Monday, November 19, 2012

Go, Texas, Go!


     The one thing scarier than the Republican education platform is the Texas State Board of Education (SBOE).  A friend of mine brought this up one day over coffee after she saw a new documentary called The Revisionaries. The movie chronicles how the SBOE ends up deciding what children in grades K-12 will learn in the state of Texas, which doesn’t sound so bad until you look at how the process works and who is on the board.
     Basically, it goes like this: the fifteen members of the SBOE establish curriculum standards for the content areas (science, history, etc.). Once the board has the standards in place, they are given to textbook publishers who offer samples of their books incorporating the agreed upon standards. If a book doesn’t meet the standards, it won’t make the state list of approved textbooks that school districts use to make purchase decisions.
     Well, so what? The problem, according to the Texas Freedom Network (TFN), is that “most Texans know little about the state board or who is on it.”  Texas is the “largest buyer of textbooks in the country”, so what Texas buys, other states buy as well. Texas controls the market and thereby controls what students read, which gives the SBOE a lot of power. Christian Fundamentalists have been elected in recent years to this board, and they are using this forum to promote their moral agenda in the public schools instead of relying on the expertise of teachers and scholars.
     Uh oh.
     Let’s take a look at a few of the changes to the social studies curriculum standards the SBOE made in 2009-2010 according to the TFN.

  1. Adoption of a new standard for high school American government that suggests the separation of church and state is not a key principle of the Constitution, but rather, in the view of the SBOE, “a myth.” The board rejected a proposed standard requiring students to examine how the Founders protected religious freedom by barring government from favoring any one religion over others.

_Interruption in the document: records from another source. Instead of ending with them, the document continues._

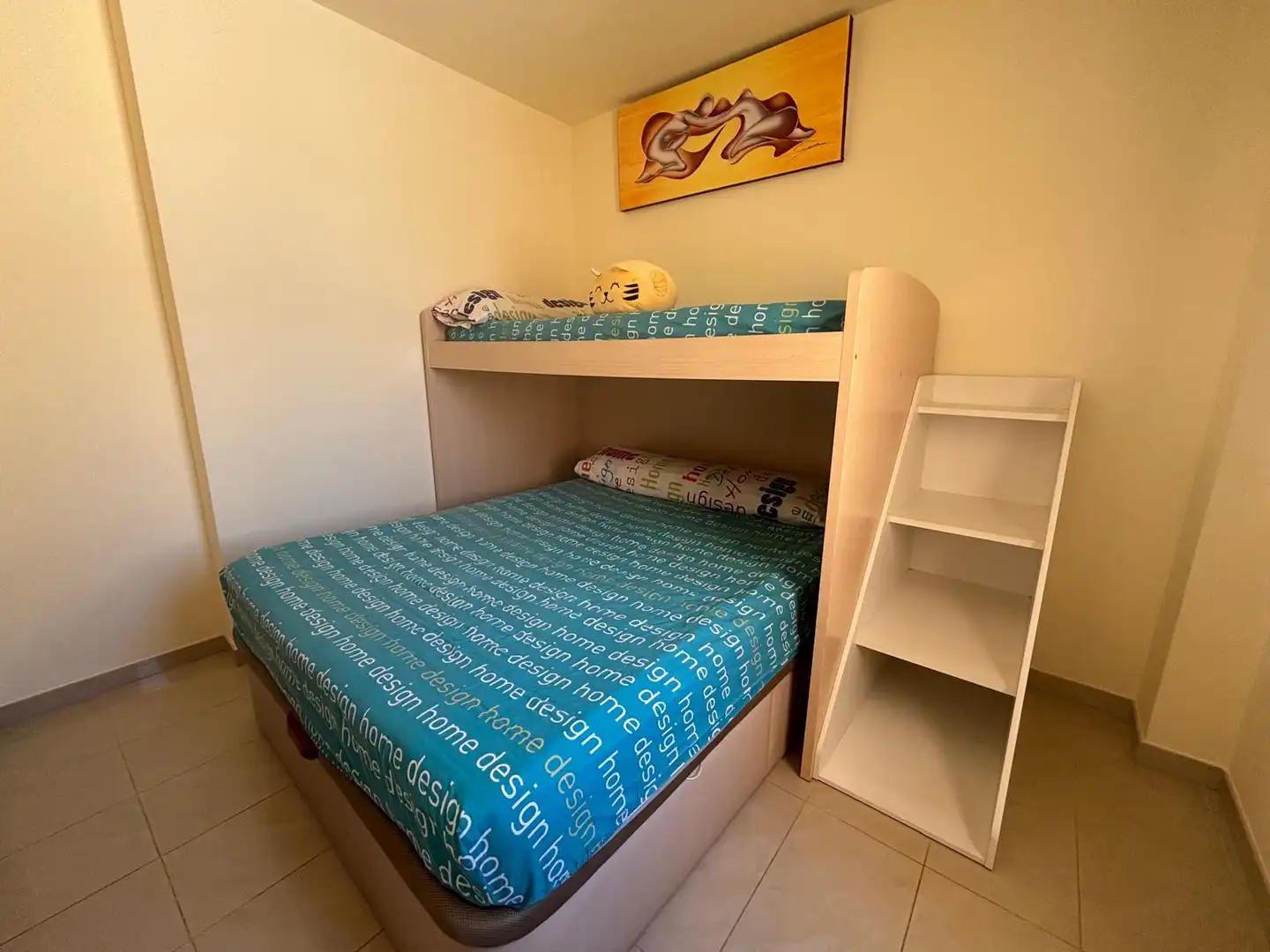 Wohnung zur Miete in Avinguda de Francisco José Balada, Costa Norte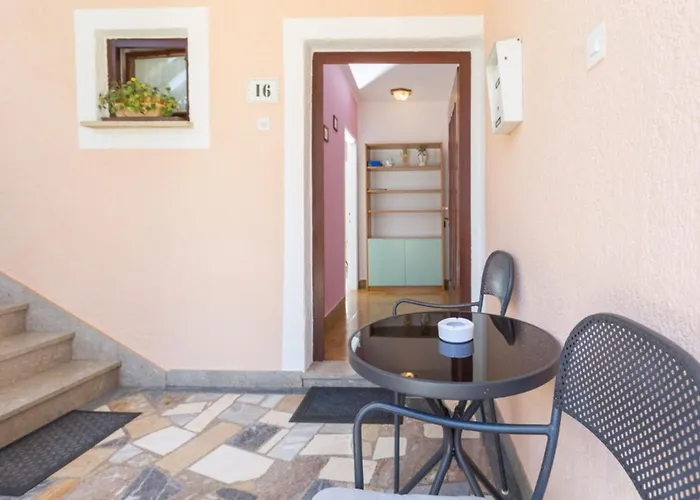 Nerina Διαμέρισμα *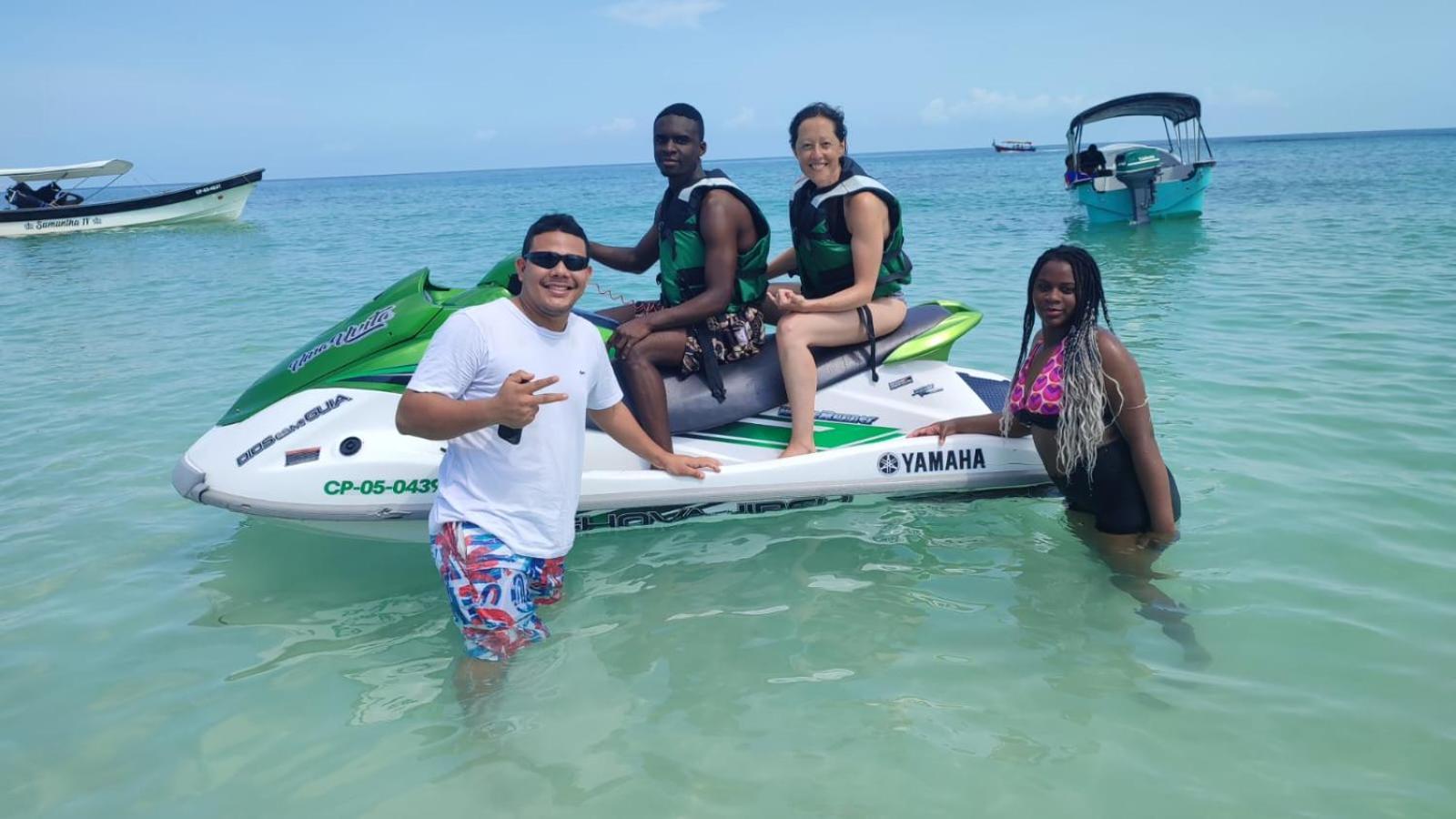 Ha Luxury Cartagena (Kolumbien)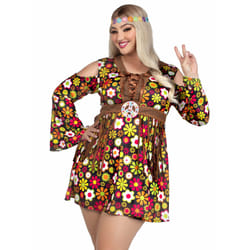 Leg Avenue 85610X_10108 fancy dress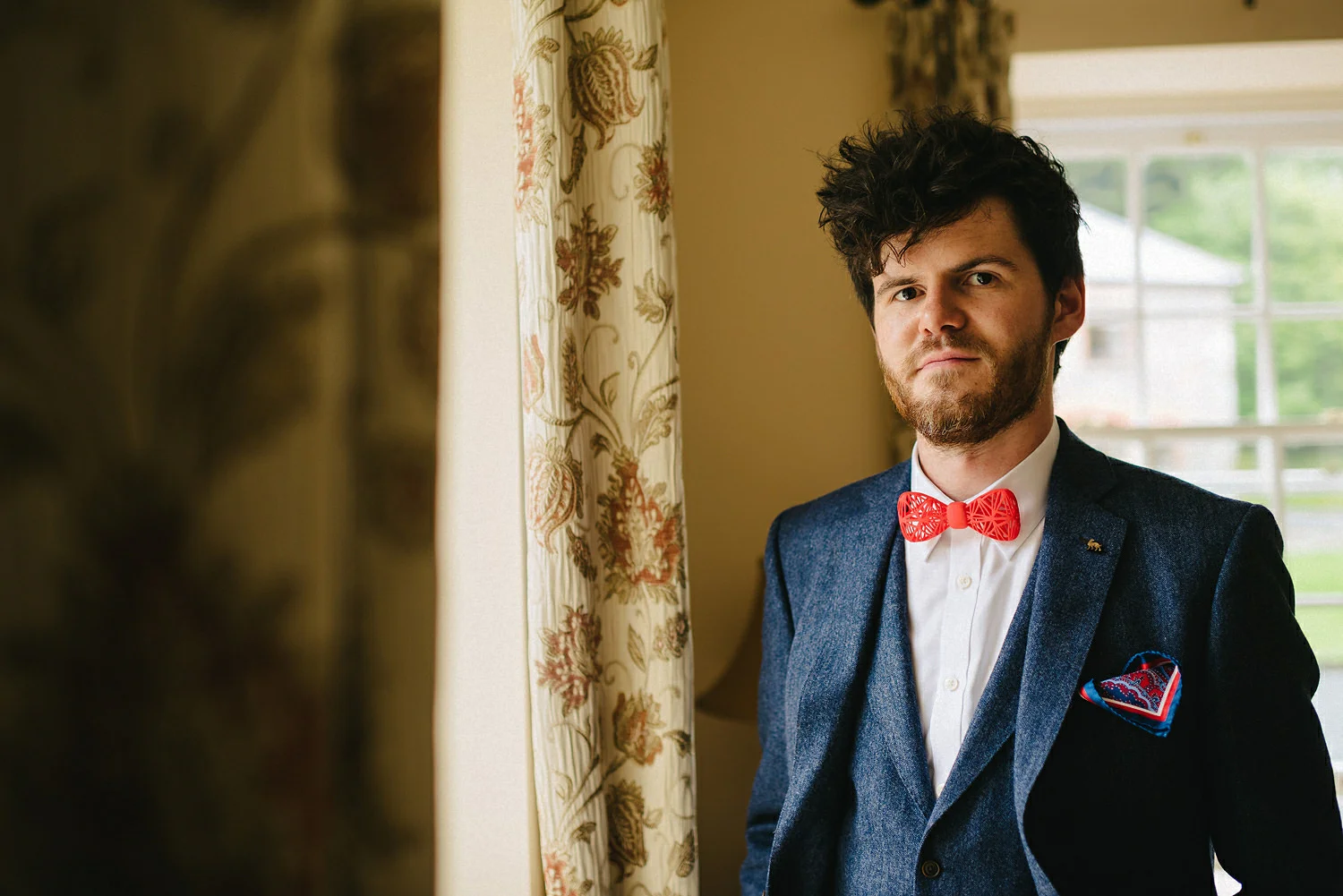  Wedding Photographers Derry Belfast. Mairead and Ciaran Remain in Light Photography wedding.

  1. A new standard that downplays the central role that slavery played in causing the Civil War. According to one supporter, this puts slavery in a “positive light” since it shows how American spirit overcomes evil.

  1. Revised standard suggesting witch-hunts by Senator Joseph McCarthy and the House Un-American Activities Committee in the 1950’s were justified.

  1. Removing the concept of “responsibility for the common good”, which one board member criticized as too communistic.
      This is what educational malpractice looks like. Here’s another example of SBOE reasoning:
     Oscar Romero, an archbishop in El Salvador in the 70’s, spoke out against poverty and social injustice. Death squads killed him in 1980.  He was a Latin American role model who stood up against oppression, and the SBOE objected to his inclusion in the curriculum standards. Why? Because he was not as well known as Nelson Mandela and Mahatma Gandhi, and therefore, shouldn’t be included with these men. Shouldn’t we teach children that ordinary people do accomplish extraordinary things? That integrity matters, not fame? Doesn’t Texas have a significant Latino population that’s growing? Shouldn’t we honor and include role models that reflect diversity?
      Apparently not, especially if the far right doesn’t like it. Students in Texas won’t hear about Oscar Romero. He has disappeared. The adoption of these standards dictate what students learn in social studies over the next decade.
     Don McLeroy is a dentist and former member and chair of the SBOE. He is the focus of the documentary film, and I watched a couple of excerpts of his reasoning at meetings of the board.  He identifies himself as a Christian Fundamentalist and believes that  “someone needs to stand up to experts.”  I guess scholars and teachers aren’t qualified to develop curriculum, but he is? Okay.
     Part of McLeroy’s education agenda is to minimize what students learn regarding the role of women and minorities in social studies.  He said, “ The majority vote gave minorities civil rights.  Women didn’t earn the right to vote, because they couldn’t vote. Men passed it for the women.”  This brand of insanity completely negates the Women’s Suffrage movement and the fact people gave their lives for Civil Rights. Children shouldn’t know about this because history is all about the white guys? Wow. How will we teach about the importance of justice and protest if we give our power away to the views of one group?  We will and are raising a nation of people who will placidly go along with whatever the majority tells them to think. 
     And even though McLeroy agrees that the fossil record is evidence of evolution, other patterns cannot be explained by evolution, like the sudden emergence of other groups in the fossil record and that some groups remain the same. This information should be added to the curriculum standards, he argues, “so that we’re honest with students.”  I’m guessing Mr. McLeroy hasn’t read Jonathan Weiner’s Pulitzer Prize Winning book, The Beak of the Finch. This book documents the work of Peter and Rosemary Grant and their years of research on the Galapagos Islands. Their data not only supports the research of Charles Darwin, but demonstrates how they were able to observe and record evolution actually happening. Luckily, the “phony weaknesses” of McLeroy’s arguments did not appear in the science curriculum standards in 2011.
     If we educate so narrowly, children will not grow up to think and follow their own life path. They will perpetuate fear, lies, hate, and myth. While this in itself is frightening, there is hope, especially with the Texas Freedom Network, who is working hard to thwart this twisted agenda. Go, Texas, go!